A lot of people associate coconut palm trees with vacation. There you sit, swathed beneath swaying branches and relaxing the shade. But the coconut tree is more than just a vacation staple. In fact you can use just about every part of the coconut. So much so that it’s commonly referred to as a Superfood.
And while fresh young coconuts, coconut water and meat have made a comeback in popular health culture as of late, coconut oil has had a fairly bad rep, mainly because of its saturated fats.
But not all saturated fats are created equal. The main saturated fat in coconut oil is lauric acid, a medium chain fatty acid. MCTs, medium-chain triglycerides are easy to digest. The oil is a source of energy and has an accelerating effect on the metabolism.
Cooking with coconut oil, instead of fatty butters or even traditional olive oil can add a delicious flavor, and enhance many foods. For instance, use coconut oil as a sweet alternative to butter or cooking-oil when whipping up flaky piecrusts, tasty scones and fluffy cupcake icings.
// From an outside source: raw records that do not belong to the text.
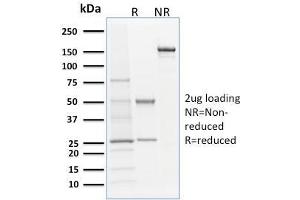 SDS-PAGE Analysis Purified Langerin Mouse Monoclonal Antibody (LGRN/1821). (CD207 抗体  (AA 74-213))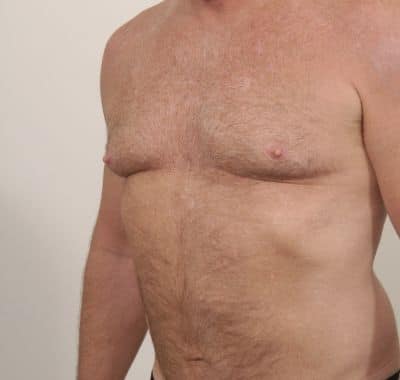 Before Image: Male Breast Reduction - left-front-oblique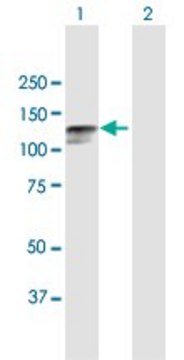 Anti-DSC2 antibody produced in mouse purified immunoglobulin, buffered aqueous solution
Coconut oil is milder and richer than butter and for many treats it provides a unique twist of flavoring and texture.
Or if you want to avoid that sometimes bitter olive oil taste, saute some veggies and enjoy. Some even say when you add coconut oil into your diet you’ll fill up faster and eat fewer calories.
Another great trick is to use it on your popcorn. The oil brings out the nutty sweetness of the corn itself and adds a surprisingly creamy sensation, without having to douse it in butter.
You can even feed a tablespoon to your dogs. It’s great for their coats and will surely have them yelping for seconds.